▸ **Goal of the exercise**
Transcribe only part of the material below: the lines from the one containing "นายประยูร อินสกุล ปลัดกระทรวงเกษตรและสหกรณ์" through the one containing "রবীন্দ্রনাথ - প্রশান্ত মহলানবিশ", inclusive, exactly as written.

▸ **Data for analysis**

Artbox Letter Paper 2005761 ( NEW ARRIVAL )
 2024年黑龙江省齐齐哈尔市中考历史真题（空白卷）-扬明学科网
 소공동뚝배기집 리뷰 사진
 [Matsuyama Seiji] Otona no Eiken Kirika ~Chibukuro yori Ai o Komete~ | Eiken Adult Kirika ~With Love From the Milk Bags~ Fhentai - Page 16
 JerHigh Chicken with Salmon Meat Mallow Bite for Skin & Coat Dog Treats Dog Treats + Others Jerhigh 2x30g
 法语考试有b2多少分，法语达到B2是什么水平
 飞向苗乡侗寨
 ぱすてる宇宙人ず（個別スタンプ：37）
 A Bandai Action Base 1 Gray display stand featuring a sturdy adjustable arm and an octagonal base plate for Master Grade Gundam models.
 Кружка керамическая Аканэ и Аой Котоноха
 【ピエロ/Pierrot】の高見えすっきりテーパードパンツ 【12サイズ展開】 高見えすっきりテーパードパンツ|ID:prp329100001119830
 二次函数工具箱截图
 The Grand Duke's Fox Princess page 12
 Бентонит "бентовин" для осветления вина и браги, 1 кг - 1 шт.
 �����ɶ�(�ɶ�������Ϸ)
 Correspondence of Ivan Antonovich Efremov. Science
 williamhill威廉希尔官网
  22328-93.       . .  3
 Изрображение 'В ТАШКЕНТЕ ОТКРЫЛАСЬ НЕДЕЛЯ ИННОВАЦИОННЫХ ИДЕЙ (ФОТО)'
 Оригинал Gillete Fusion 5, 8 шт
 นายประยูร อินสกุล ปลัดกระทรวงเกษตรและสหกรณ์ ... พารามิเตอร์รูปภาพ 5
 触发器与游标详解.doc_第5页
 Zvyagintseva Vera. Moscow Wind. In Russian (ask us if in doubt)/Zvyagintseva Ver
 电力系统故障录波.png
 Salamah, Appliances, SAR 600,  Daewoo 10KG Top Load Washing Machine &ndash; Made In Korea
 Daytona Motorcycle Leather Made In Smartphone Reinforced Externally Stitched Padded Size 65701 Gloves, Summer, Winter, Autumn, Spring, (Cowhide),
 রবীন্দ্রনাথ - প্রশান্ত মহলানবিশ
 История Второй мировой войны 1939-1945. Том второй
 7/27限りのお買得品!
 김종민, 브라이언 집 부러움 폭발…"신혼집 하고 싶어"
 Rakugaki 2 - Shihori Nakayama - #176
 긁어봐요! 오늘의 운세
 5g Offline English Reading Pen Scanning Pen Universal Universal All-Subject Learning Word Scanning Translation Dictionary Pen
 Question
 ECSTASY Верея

▸ **Finished exercise**
 นายประยูร อินสกุล ปลัดกระทรวงเกษตรและสหกรณ์ ... พารามิเตอร์รูปภาพ 5
 触发器与游标详解.doc_第5页
 Zvyagintseva Vera. Moscow Wind. In Russian (ask us if in doubt)/Zvyagintseva Ver
 电力系统故障录波.png
 Salamah, Appliances, SAR 600,  Daewoo 10KG Top Load Washing Machine &ndash; Made In Korea
 Daytona Motorcycle Leather Made In Smartphone Reinforced Externally Stitched Padded Size 65701 Gloves, Summer, Winter, Autumn, Spring, (Cowhide),
 রবীন্দ্রনাথ - প্রশান্ত মহলানবিশ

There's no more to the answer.